### Problem details
Look for the line containing "Produktbild von Scitec" and the line containing "navtlugi st. - 1 rooms" in the entries below. Copy those two and all lines between them exactly, leaving out pictures.

### Source information

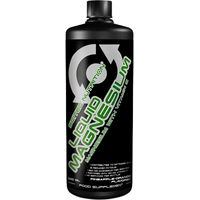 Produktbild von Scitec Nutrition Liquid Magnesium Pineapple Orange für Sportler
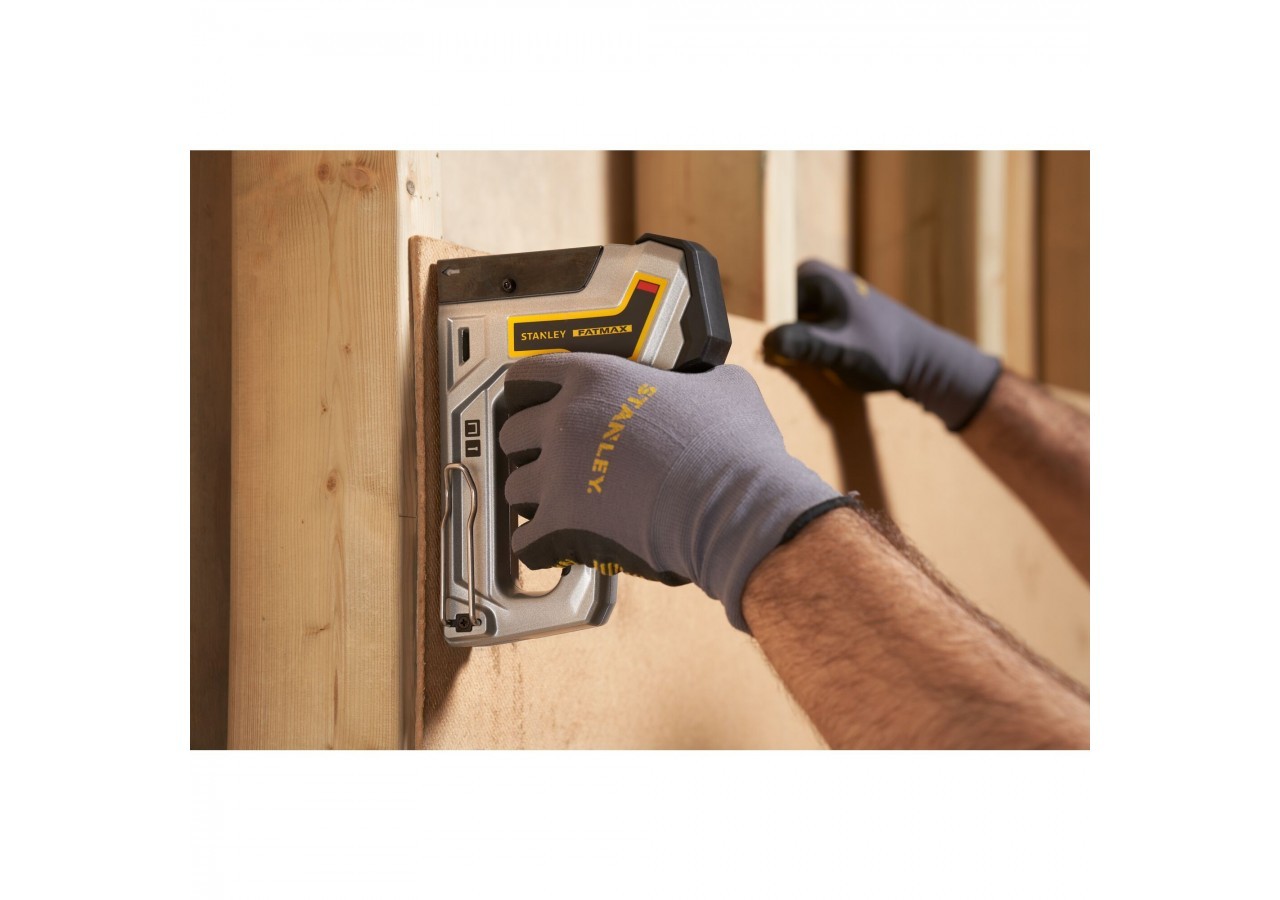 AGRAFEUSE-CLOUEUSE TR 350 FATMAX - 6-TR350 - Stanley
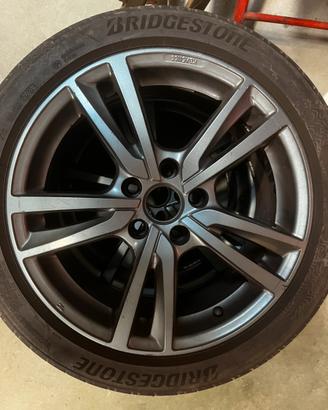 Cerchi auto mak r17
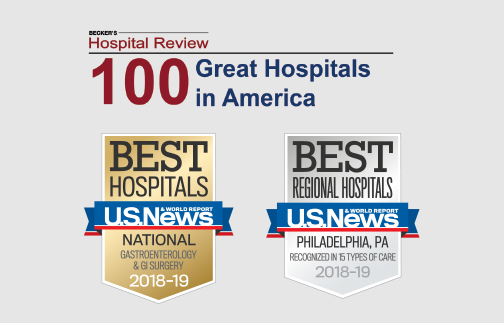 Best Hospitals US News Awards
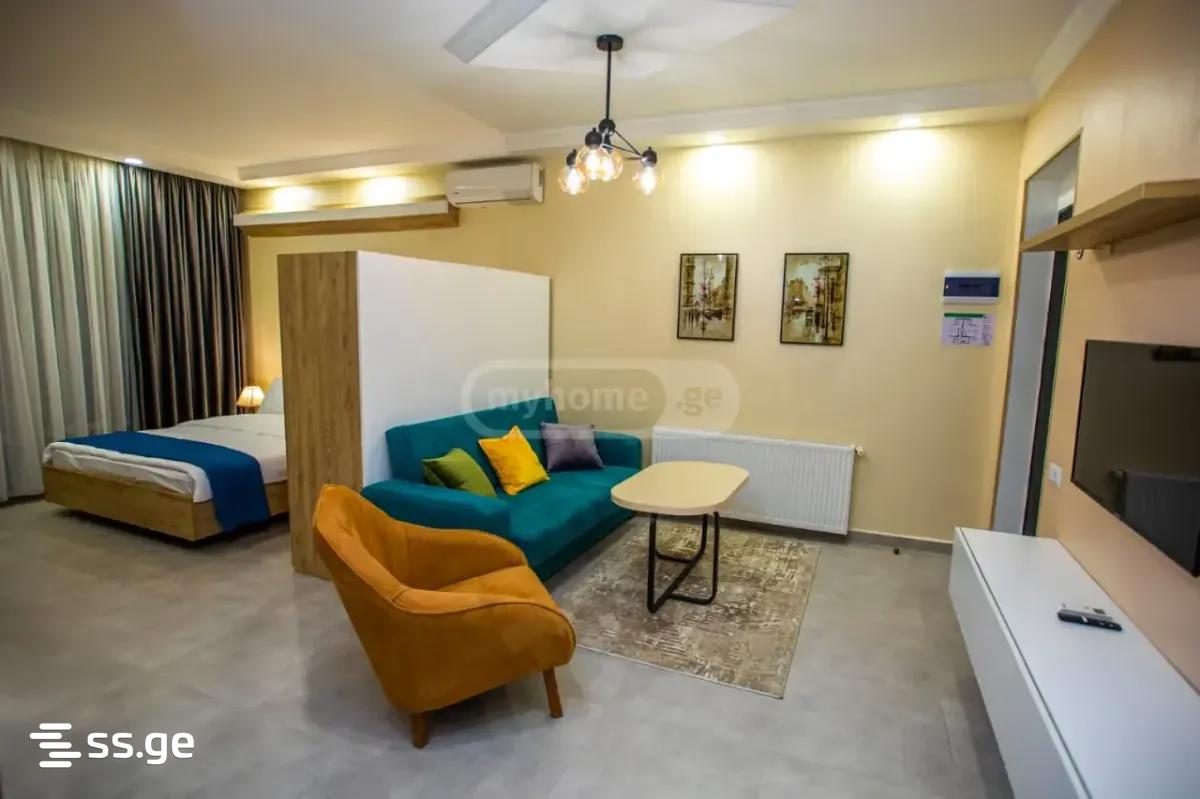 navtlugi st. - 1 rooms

...

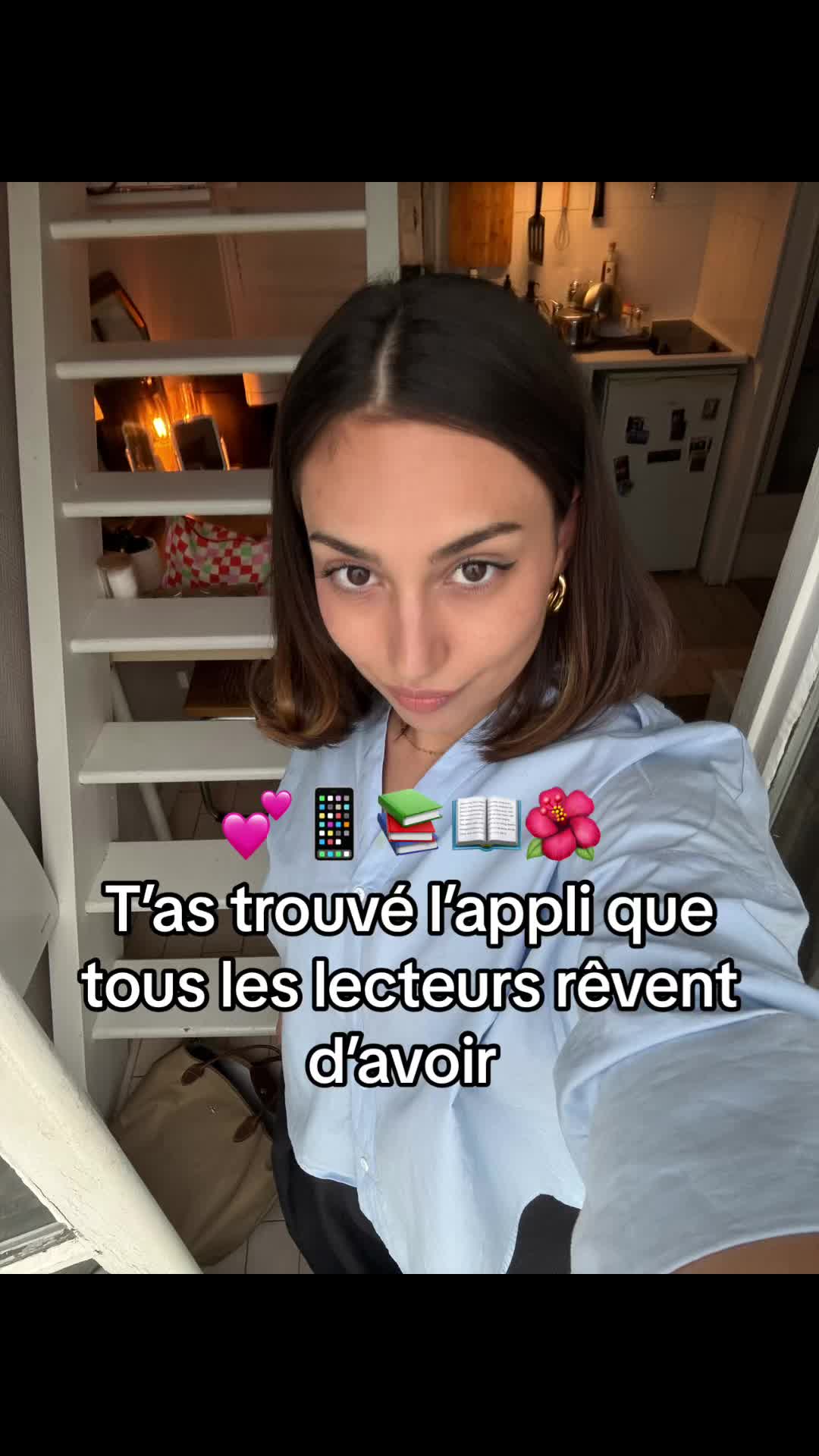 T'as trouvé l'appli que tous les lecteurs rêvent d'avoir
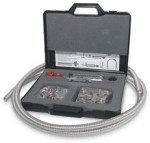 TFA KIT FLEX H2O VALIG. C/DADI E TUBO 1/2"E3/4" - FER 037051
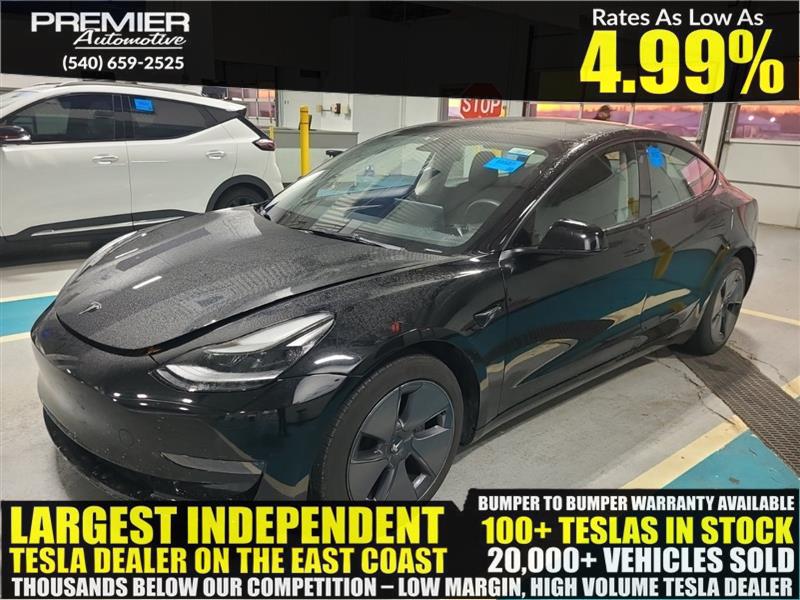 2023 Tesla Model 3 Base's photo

### Task response
 Produktbild von Scitec Nutrition Liquid Magnesium Pineapple Orange für Sportler
 AGRAFEUSE-CLOUEUSE TR 350 FATMAX - 6-TR350 - Stanley
 Cerchi auto mak r17
 Best Hospitals US News Awards
 navtlugi st. - 1 rooms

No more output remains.